A seção Processo de criação traz o relato do artista pernambucano Bruno Vilela. Bruno acabou de produzir uma nova obra que se chama “A Princesa e a ervilha”. Seguindo a linha do seu ensaio “Bibbdi Bobbdi Boo” (2008), Bruno estará expondo esta foto na SP Arte.
Bruno está no Perspectiva e no Olhavê.
Foto: Bruno Vilela
A Princesa e a ervilha
10 colchões de casal, 16 edredons, maquiagem verde, esmalte verde, tinta de cabelo verde, um lustre alugado num antiquário, uma autorização que demora 15 dias para entrar numa mata num terreno da prefeitura, câmera, tripé, uma maquiadora e uma linda modelo.
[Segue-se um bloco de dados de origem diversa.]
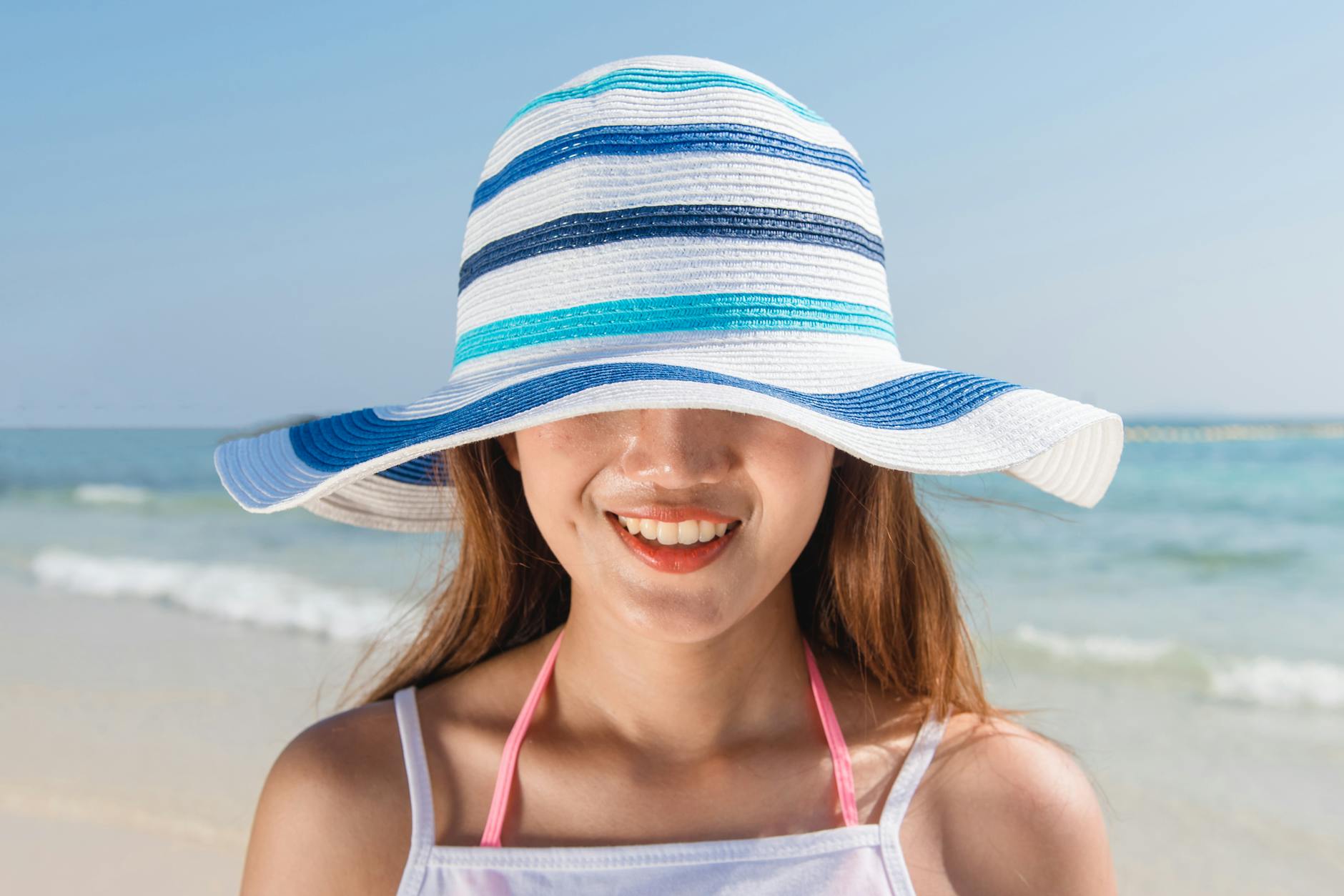 woman wearing sun hat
Produção de cinema para um click.
É foto de agricultor como diria Jeff Wall.
Uma semana de produção para um click, o momento mágico.
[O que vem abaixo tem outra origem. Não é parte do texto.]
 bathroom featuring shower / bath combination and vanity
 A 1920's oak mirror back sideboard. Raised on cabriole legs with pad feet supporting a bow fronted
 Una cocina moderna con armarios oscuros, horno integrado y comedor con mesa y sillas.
“A princesa e a ervilha” é um conto dinamarquês de 1835. Relata a história de um príncipe que desejava casar com uma princesa. Em certa noite de muita tempestade, bateu à porta do castelo uma moça, dizendo-se uma verdadeira princesa. Para testar se a moça falava a verdade, a rainha a convidou para dormir no castelo. Antes, porém, colocou uma ervilha na cama em que a moça iria dormir e, por cima, vários colchões e cobertas. No dia seguinte, ao perguntar à moça como ela tinha passado a noite, recebeu como resposta que a noite tinha sido péssima, porque alguma coisa a havia machucado. Com esta resposta, a jovem comprovou ser um verdadeira princesa, pois somente uma verdadeira princesa poderia ter a pele tão sensível, e casou com o príncipe.
Na minha desconstrução do conto, a ervilha germina na base dos colchões, fura todos eles e penetra no corpo da branca princesa, que de tão branca é possuída e fica verde. Depois da cópula com a “entidade ervilha”, ela dorme tranquila nos colchões. Dorme tanto que o castelo se desfaz e só sobra a mata, o candelabro ao topo e os inúmeros edredons.
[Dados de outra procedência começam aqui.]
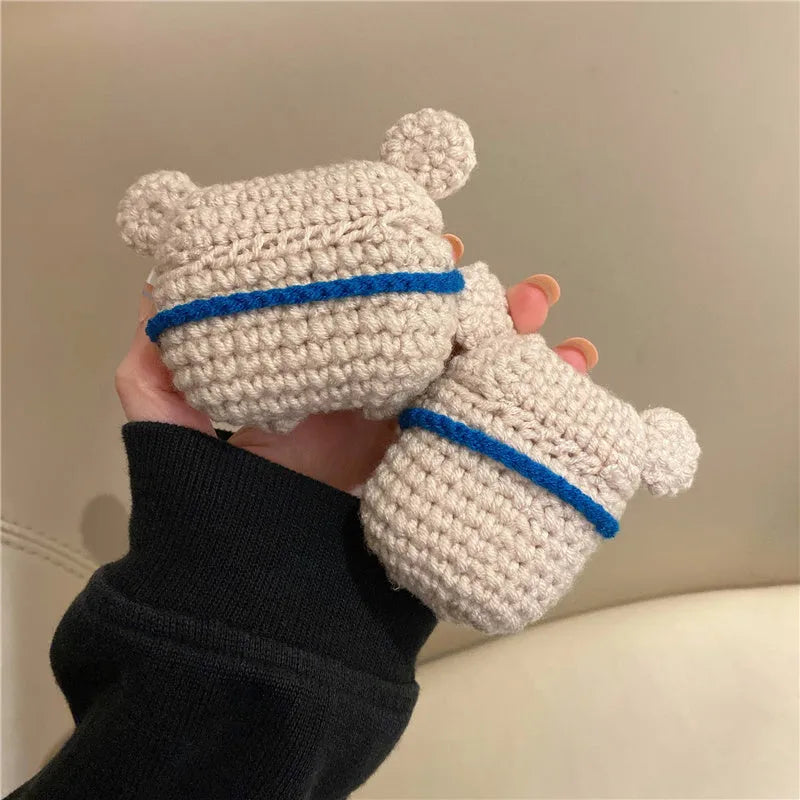 Hand knitted AirPods protective sleeve with koala bear backpack design on Apple AirPods case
Todo esse conceito vêem a baixo quando minha motivação principal é visual, a foto nada mais é que uma pintura, visto que sou pintor de formação, um encadeamento colorido de tecidos com uma figura humana que se funde aos edredons pela cor e um enquadramento que eleva o espírito.
A foto é comprida, como uma catedral gótica ela nos leva para o alto. Uma referência ao filme “O Sacrifício” de Andrey Tarkovsky, na cena onde um casal levita com lençóis, aqui a princesa parece levitar e com ela leva as camadas de cor junto.
Arte é xamanísmo, um portal para outra dimensão, como diria o mestre Beuys e Da Vinci. É cor, forma, composição, espiritualidade, matéria e o tesão pelo visual como fez o mestre Rauchemberg. Sim, é uma fotografia, mas tem muitas outras camadas, como as dos colchões, por traz disso tudo.
Bruno Vilela.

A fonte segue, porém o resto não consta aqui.